Could you possibly narrow down what your friend is looking for in terms of "Mother Goddess" references? Based on the mention of the Venus of Willendorf and Jean Auel, it seems like they are looking for references to pre-historic Mother Goddess figures in popular culture. Is that close? Otherwise, "Mother Goddess" could be interpreted in a vast number of ways, and pop references to something resembling a Mother Goddess could be found all over.
posted by gauchodaspampas at 6:14 PM on September 18, 2008


gaucho: Well, she specifically mentioned the giant statue in Hellboy II as an example of what she is looking for so I assume any of the so-called Venus figurines like the Venus of Willendorf.

Although when we discussed her research project, I mentioned the Cycladic figures, and she said that she was also looking for examples of their use as well.

She's tracing the idea of a matriarchal society and/or religion from the Victorian era onwards based on dubious archeological claims such as Marija Gimbutas' work.
posted by AArtaud at 6:22 PM on September 18, 2008


Has she looked at the Robert Graves "White Goddess" stuff yet?

Or the earlier stuff that Laura Riding was working on along the same lines--which clearly influenced Graves?

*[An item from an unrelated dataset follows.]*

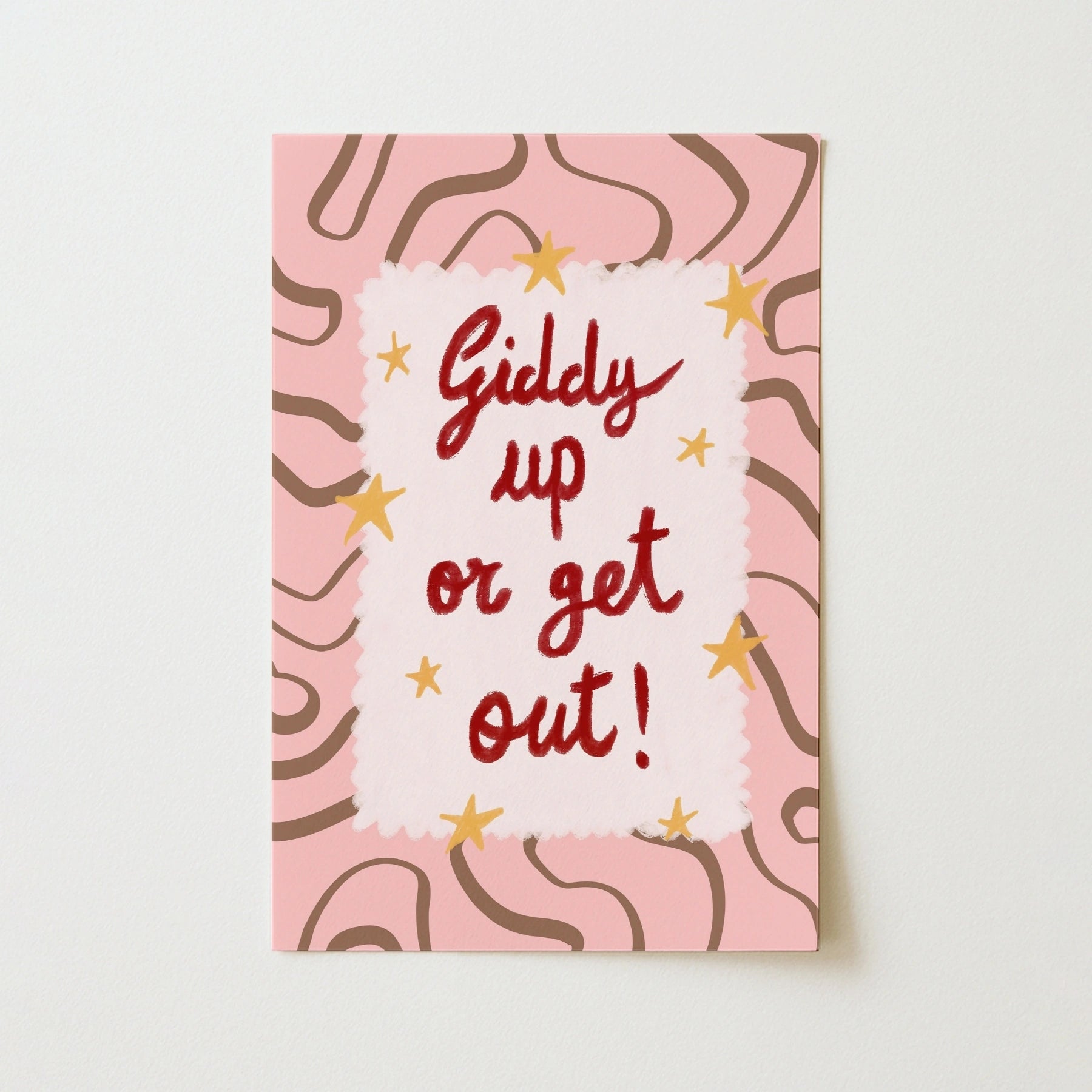 Giddy Up or Get Out Wall Art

Because that meme was all over 1940s and 1950s poetry and "literary" prose.
posted by Sidhedevil at 6:33 PM on September 18, 2008


Sidhedevil: Thanks, I'll ask mention those sources to her.
posted by AArtaud at 6:46 PM on September 18, 2008


Marion Zimmer Bradley's Avalon books put a spin on Arthurian legends which pull in the idea of a Goddess.
posted by rodgerd at 1:42 AM on September 19, 2008


I don't know much about what Gimbutas studies, but I do study the rhetoric of pop culture. What little I just read about Gimbutas said a critique of hers is that she isn't very good at critical analysis. I do know about that approach in regards to rhetoric (but definitely not for anthro), and it seems like that is what your friend is at least partly studying if she is looking for pop culture references. If she needs some kind of rhetorical justification, or even a method, Barry Brummett's book Rhetorical Dimensions of Popular Culture is my favorite and my method for my thesis.

But anyway, my suggestion would be to maybe look into communication publications. They might have some helpful things, even if she is just putting together a history and not a critical analysis.
posted by metricfan at 4:54 AM on September 19, 2008


Figures prominently in The 13th Warrior (from the Crichton novel Eaters of the Dead).